__WHAT IS EXPECTED__: Retype the whole listing verbatim and keep the pictures out of it.

__DATA BLOCK__:
+ + +

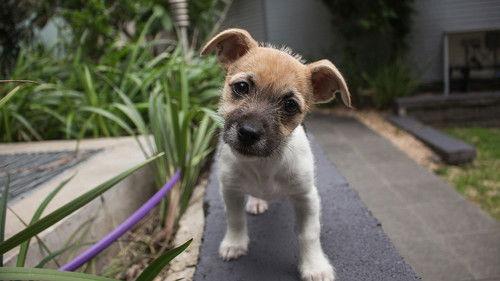 Nature Season 20 Episode 10 - Dogs: the Early Years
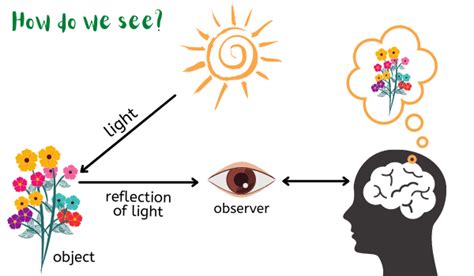 Explained Reflection Of Light Specular Reflection Diffused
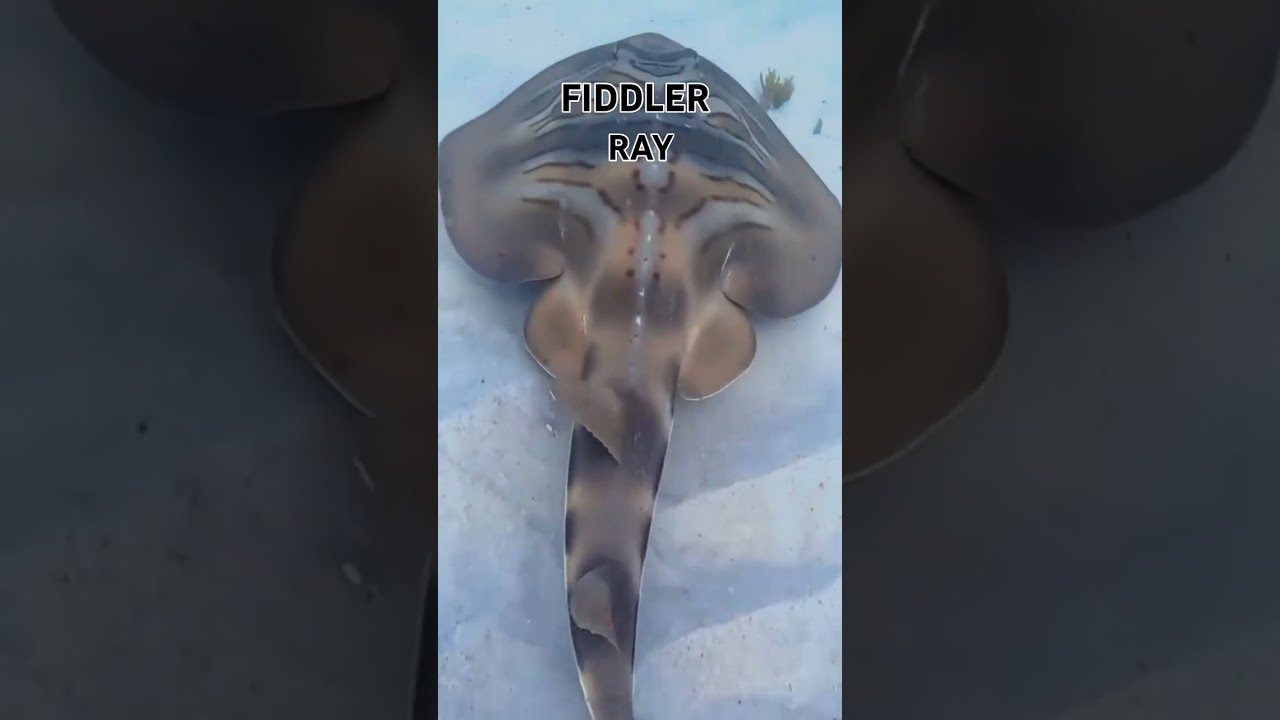 FIDDLER RAY / SHORTS / M1 OFFICIAL CHANNEL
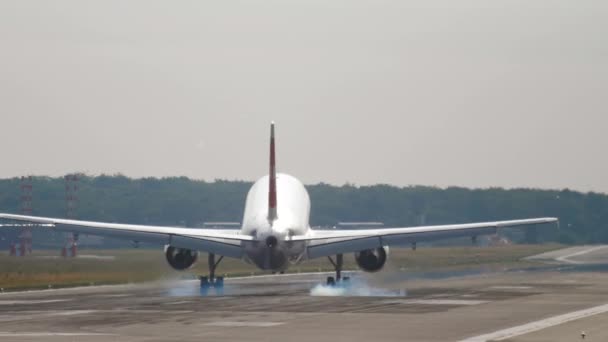 Slow Motion Shot Landing Jet Liner Rear View End Runway — Video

+ + +

__THE COMPLETED TASK__:
 Nature Season 20 Episode 10 - Dogs: the Early Years
 Explained Reflection Of Light Specular Reflection Diffused
 FIDDLER RAY / SHORTS / M1 OFFICIAL CHANNEL
 Slow Motion Shot Landing Jet Liner Rear View End Runway — Video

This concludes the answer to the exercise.